BRIEF
Would you please transcribe the data in full and exactly, excluding images?

THE DATA

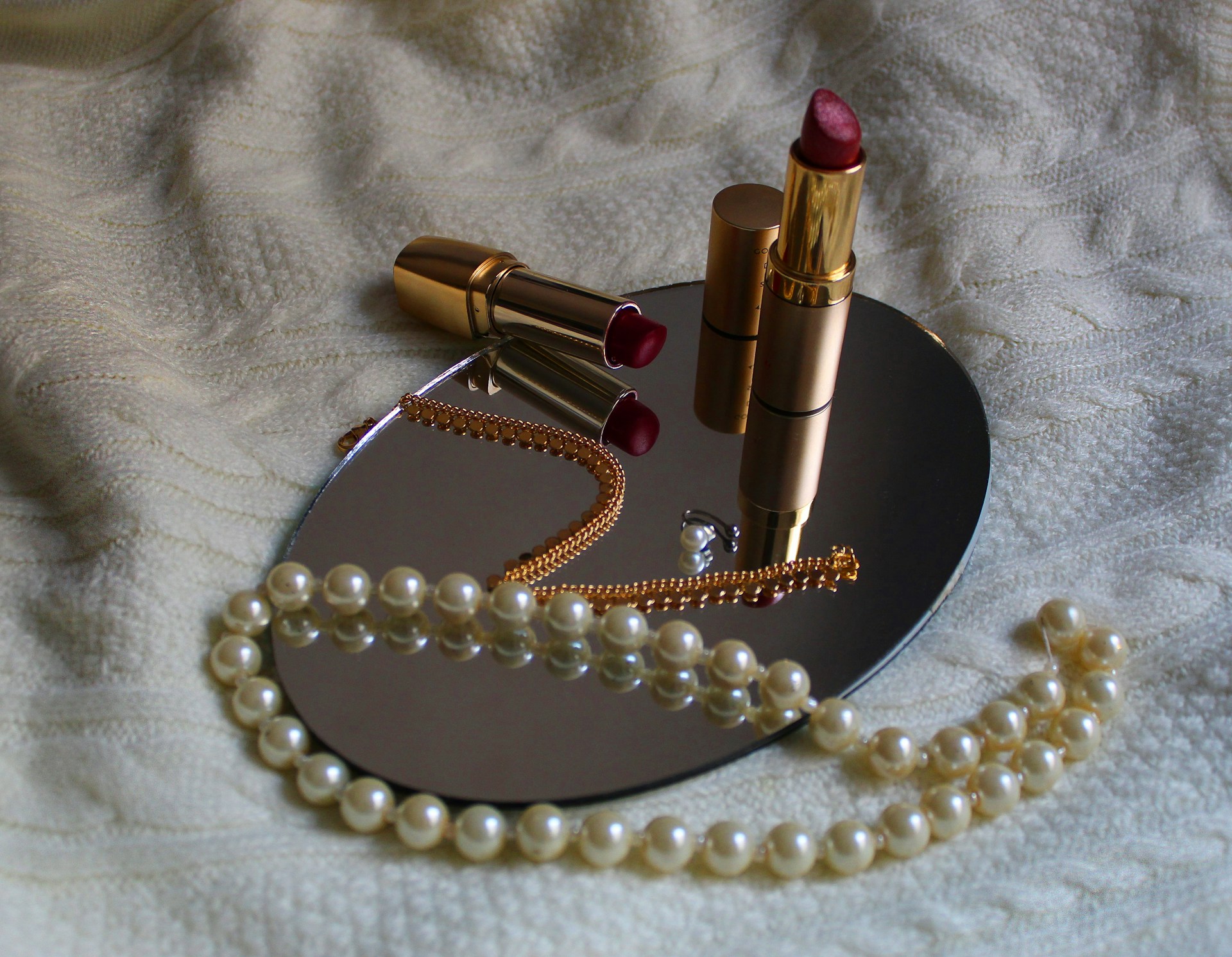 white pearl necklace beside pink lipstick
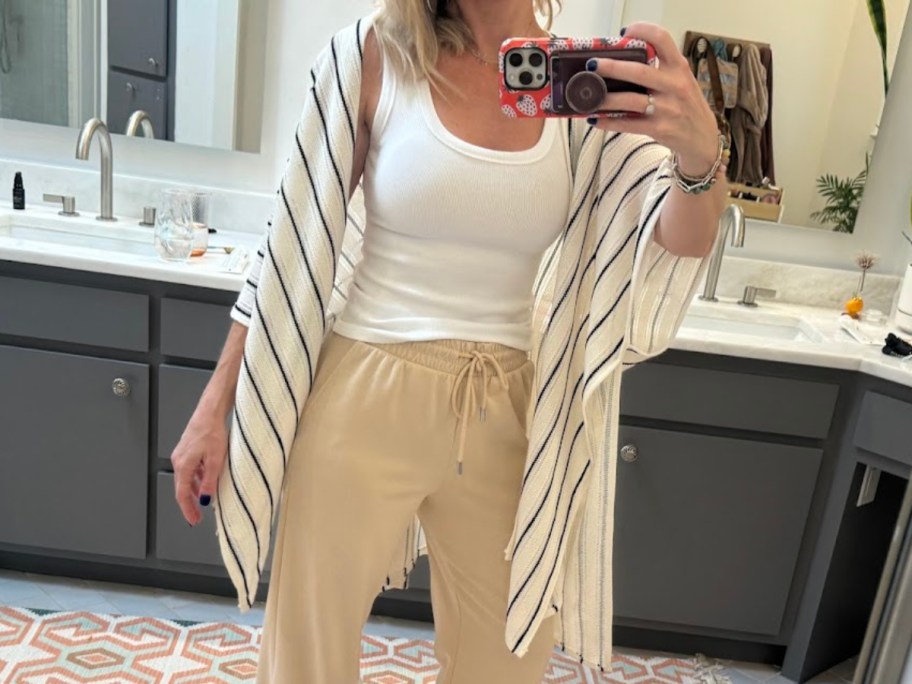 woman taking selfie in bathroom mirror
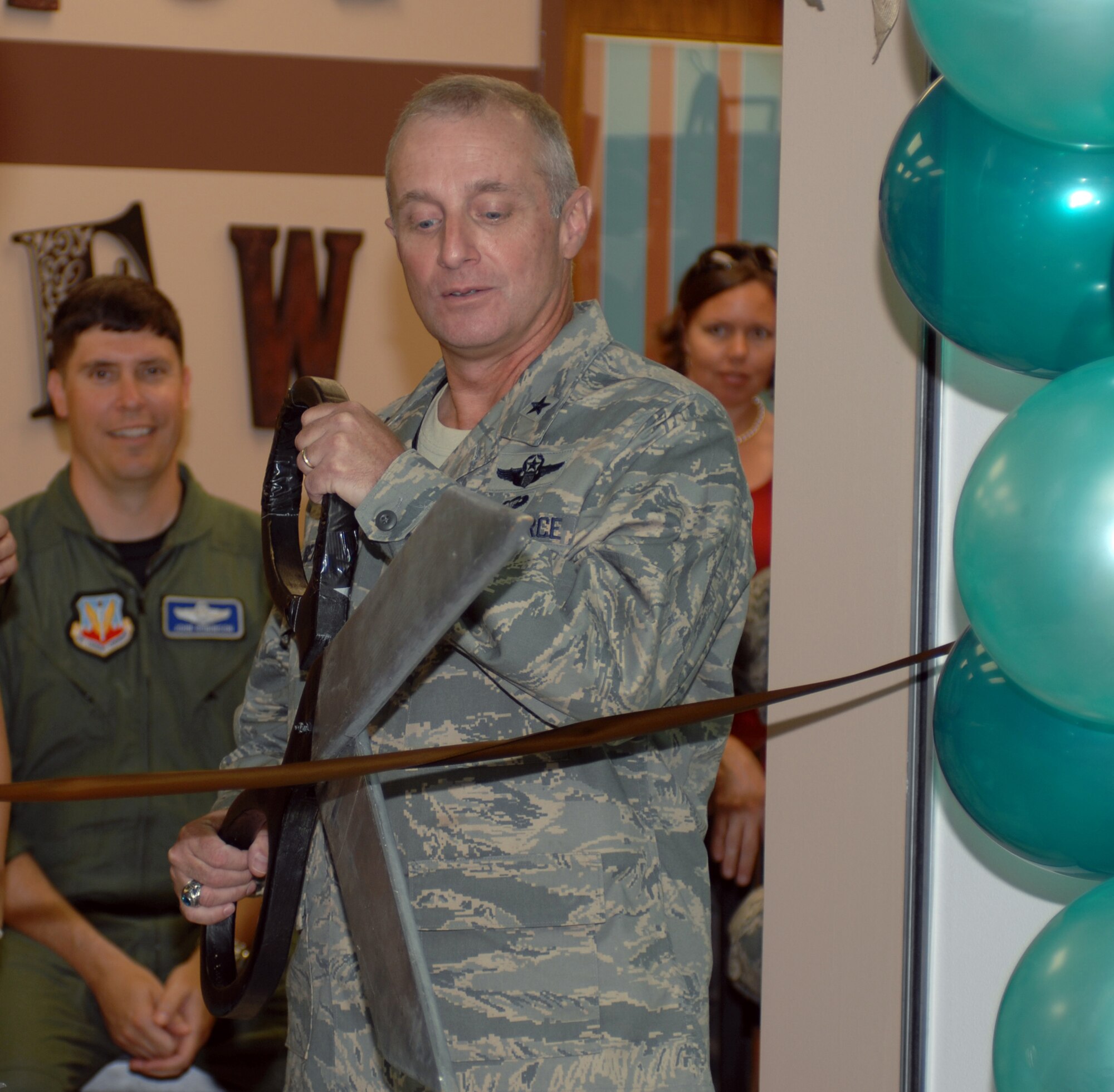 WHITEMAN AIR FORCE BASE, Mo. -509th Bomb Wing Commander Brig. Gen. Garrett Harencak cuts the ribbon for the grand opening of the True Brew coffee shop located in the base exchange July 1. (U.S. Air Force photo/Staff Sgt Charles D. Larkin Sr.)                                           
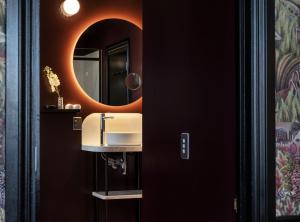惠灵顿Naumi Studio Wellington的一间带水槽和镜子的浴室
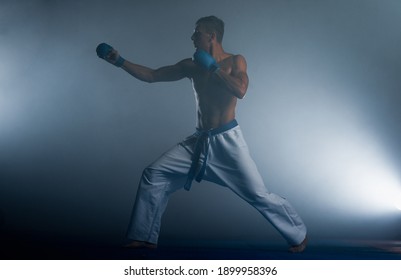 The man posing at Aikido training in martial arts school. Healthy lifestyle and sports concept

SOLVED PROBLEM
 white pearl necklace beside pink lipstick
 woman taking selfie in bathroom mirror
 WHITEMAN AIR FORCE BASE, Mo. -509th Bomb Wing Commander Brig. Gen. Garrett Harencak cuts the ribbon for the grand opening of the True Brew coffee shop located in the base exchange July 1. (U.S. Air Force photo/Staff Sgt Charles D. Larkin Sr.)                                           
惠灵顿Naumi Studio Wellington的一间带水槽和镜子的浴室
 The man posing at Aikido training in martial arts school. Healthy lifestyle and sports concept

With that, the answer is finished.